Este tema torna-se mais complexo, quando colocamos a dimensão da continuidade da
vida na suas sucessivas encarnações. Na medida em que os clichês de pensamentos
acabam encerrando uma simplificação da maneira de pensar, escondem o medo de
debater idéias e opiniões, propostas e maneiras de pensar, dos fatos atualizados
forçosamente pelo tempo, portanto, sucumbe ao medo de progredir. É, muitas
vezes, a lei do mínimo esforço, do comodismo das nossas mentes. Além disso fazem
a gente viver cada novo dia da mesma maneira que antes. Vamos buscar em Emmanuel
os riscos dos clichês mentais quando nos ensina, nas reflexões do livro
“Pensamento e Vida”, no capítulo 12 sobre a Família, a compreender que “o homem
primitivo não se afasta, de improviso, da própria taba, mas aí renasce múltiplas
vezes, e o homem relativamente civilizado demora-se. . .até que a soma de suas
aquisições o recomende a diferentes realizações. É assim que, na esfera do grupo
consangüíneo o Espírito reencarnado segue ao encontro dos laços que entreteceu
para si próprio, na linha mental em que se lhe caracterizam as tendências. Temos
assim, no grupo doméstico, os laços de elevação e alegria que já conseguimos
tecer, por intermédio do amor louvavelmente vivido, mas também as algemas de
constrangimento e aversão, nas quais recolhemos, de volta, os clichês
inquietantes que nós mesmos plasmamos na memória do destino e que necessitamos
desfazer, à custa de trabalho e sacrifício, paciência e humildade.”

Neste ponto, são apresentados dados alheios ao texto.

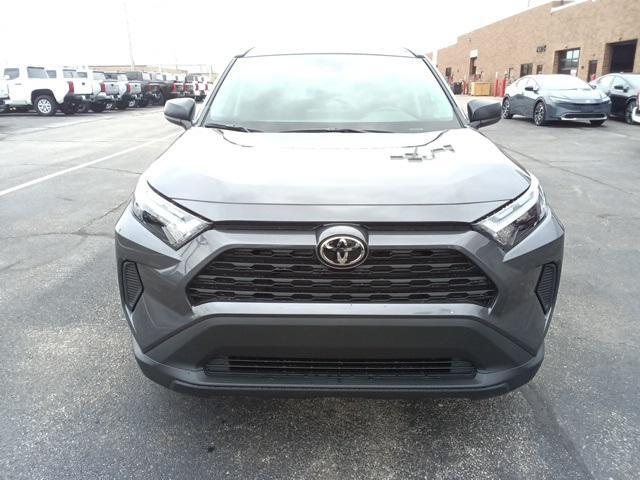 new 2025 Toyota RAV4 Hybrid car, priced at $34,339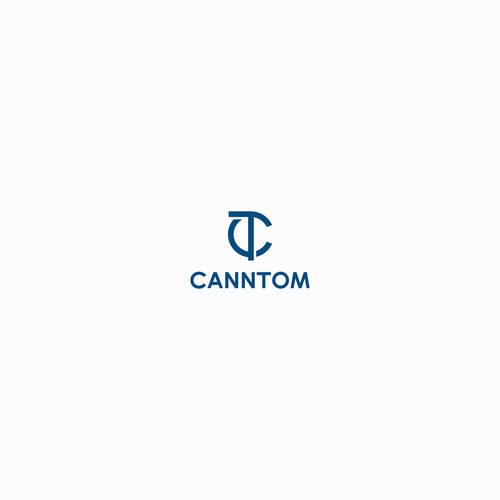 “CT” logo Design by M!THUN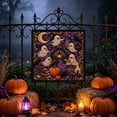 thumbnail image 2 of PLPPYFS Halloween Ghost Pearl Art DIY Kit, Spooky Cute 3D Diamond Artwork Crafts for Adults, DIY Halloween Fall Home Decor Wall Art, Beginner DIY Seasonal Party Gift, 2 of 7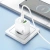 Сетевое зар./устр. Hoco CS54A Surplu 20W 3A (PD+QC) USB-A/Type-C универсальное белый (31532)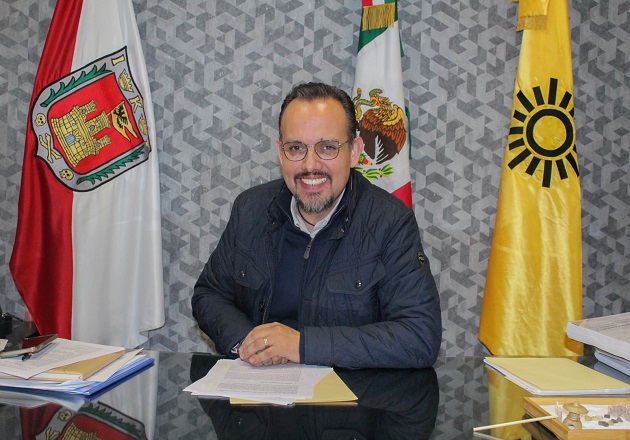 Comparecencias deben ser rendición de cuentas y no un día de campo: Diputado Juan Manuel Cambrón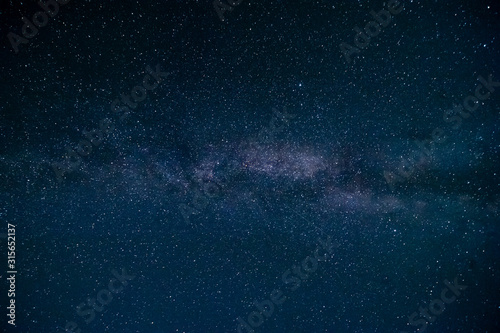 milky way on night starry sky, natural background sky, natural background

Quem não sabe história, repete a história, pois não consegue perceber novas
correlações entre fatos e acontecimentos numa linha seqüencial de tempo. Assim
tornam-se espectadores de fatos e não estudiosos do que acontece. Não conseguem
tirar dos registros, significados mais profundos. Não conseguem ver na história
a construção intrincada de tendências. Não conseguem garimpar detalhes
preciosos, que são os sinais do novo, que está sempre enraizado no acontecido e
no vivido.
Viver em comunidade e buscar o bem comum, onde os homens produzissem e
mantivessem as amizades e o progresso para todos, como queria Aristóteles, os
clichês seriam abandonados e as idéias fixas seriam rejeitadas, para dar lugar a
padrões novos e a mudanças constantes dos paradigmas. A máxima de que somos
pessoas diferentes a cada minuto e a cada dia, também é um clichê. Entretanto,
estranhamos as propostas de mudanças quando, idéias que não soam familiares aos
nossos ouvidos, permitem que se apoderem de nós, os medos, e tentando ficar
livre deles, buscamos a segurança das velhas idéias ou das formas congeladas de
pensar.
Abandonar clichês é viver certos fatos, como se fosse pela primeira vez. Certa
vez perguntaram a um gênio da fotografia, o que ele teria a dizer para um
fotógrafo que estava se iniciando nessa arte. Ele respondeu “evite o centro da
foto”, querendo dizer, que não devemos olhar pelos ângulos convencionais, do
contrário não conseguiremos enquadrar as nossas fotos de maneira criativa,
inusitada, dando-nos uma visão nova de realidades conhecidas. Como ter um filho
que, ao crescer, faz você enfrentar, todos os dias, problemas novos a partir de
situações conhecidas. É como ser criança e perguntar coisas óbvias. Tais
perguntas, irão nos conduzir ao surgimento do novo, porque as saídas inéditas
sempre estarão escondidas nos becos-sem-saída da vida. Um antigo animador de
programas de calouros na televisão, dizia que o amanhã ninguém usou ainda. Não é
demais repetir o conselho de Emmanuel: evitar os clichês inquietantes que nós
mesmos plasmamos na memória do destino e que necessitamos desfazer.